La réalisation de nouveaux programmes devrait être précédée par l’adaptation, la restructuration, voire l’extension de ce réseau et non le contraire, comme actuellement. N’est-il pas temps aujourd’hui de requalifier tous les espaces périphériques fortement urbanisés de la capitale, de restructurer ces espaces ? Un travail de réflexion important est nécessaire dans cet objectif pour éviter de se retrouver dans quelques années avec des banlieues interminables, indéfinies, déshumanisées et ingérables.

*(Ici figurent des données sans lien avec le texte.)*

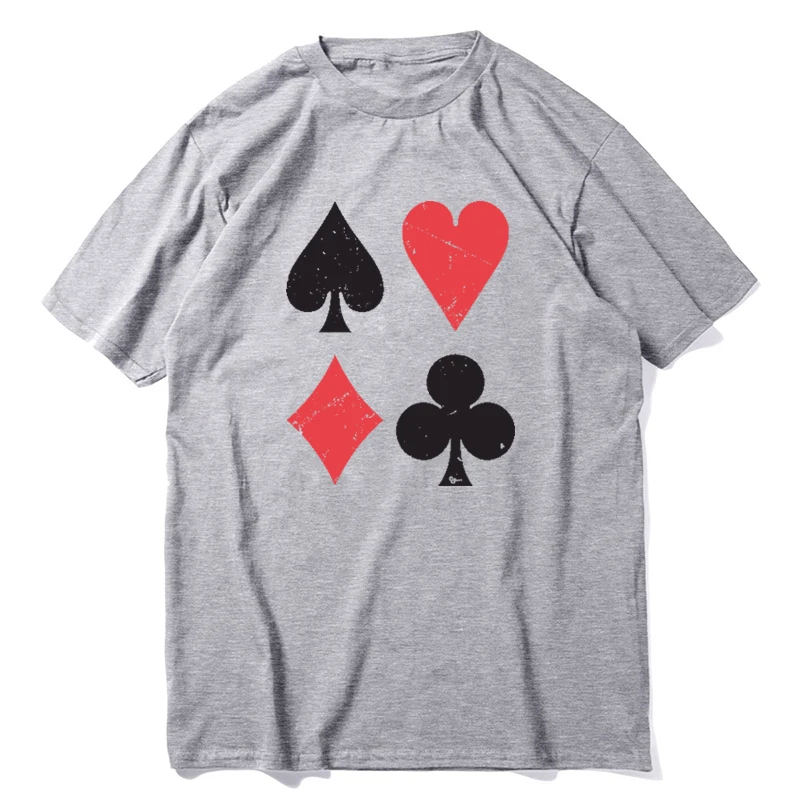 New 2024 Cotton Short-Sleeve T-Shirt Fitted The Original Playing Card Suits Poker 100% Cotton Humor Men Crew neck Tee Shirts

Les plans successifs d’urbanisme d’Alger ont régulièrement programmé de reporter le développement de la ville sur les piémonts de l’Atlas en évitant le déversement de la ville sur sa périphérie immédiate aux riches terres agricoles, mais rien ne semble interrompre la prolifération continue des excroissances de la capitale sur l’espace environnant. Il est certain que cette réflexion doit aboutir à réorienter toute l’urbanisation d’Alger – ainsi que celle de toutes les villes du littoral – vers l’arrière-pays. Depuis tant d’années que l’«option Hauts-Plateaux» est évoquée, c’est surtout vers le littoral que l’urbanisation s’est le plus développée, accentuant le déséquilibre entre la bande côtière et l’arrière-pays, renvoyant aux calendes grecques le véritable développement du pays.
Cette réflexion, pluridisciplinaire, devra s’appuyer sur l’ensemble des compétences et ses conclusions devront s’imposer aux décideurs comme des orientations d’aménagement et non le contraire, comme le plus souvent, les études étant conduites pour justifier des choix effectués a priori.